**Exercise:**
A word-for-word reproduction of the data below is needed, with no pictures in it.

**Recorded data:**
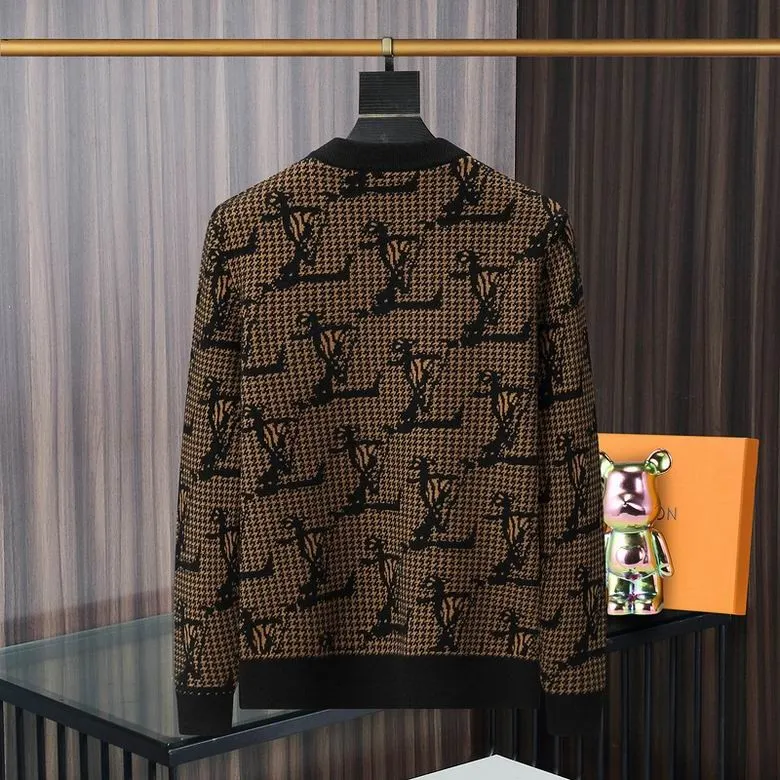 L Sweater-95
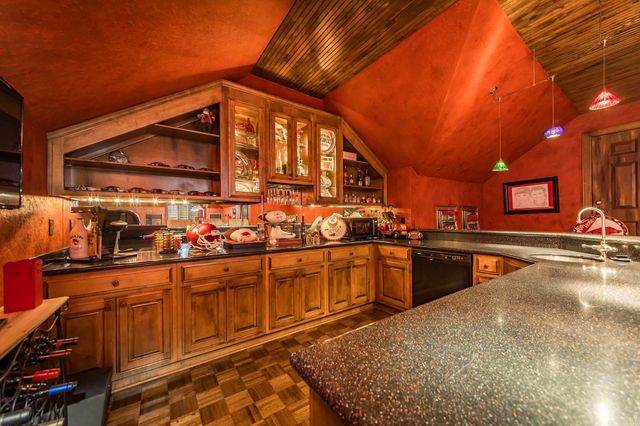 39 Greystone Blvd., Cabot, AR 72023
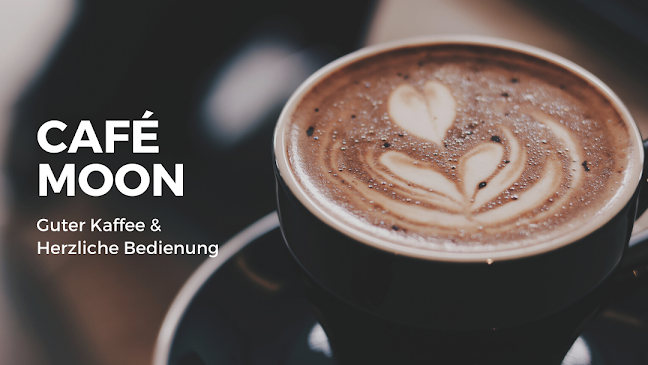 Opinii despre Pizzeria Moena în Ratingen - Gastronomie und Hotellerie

**Answer area:**
 L Sweater-95
 39 Greystone Blvd., Cabot, AR 72023
 Opinii despre Pizzeria Moena în Ratingen - Gastronomie und Hotellerie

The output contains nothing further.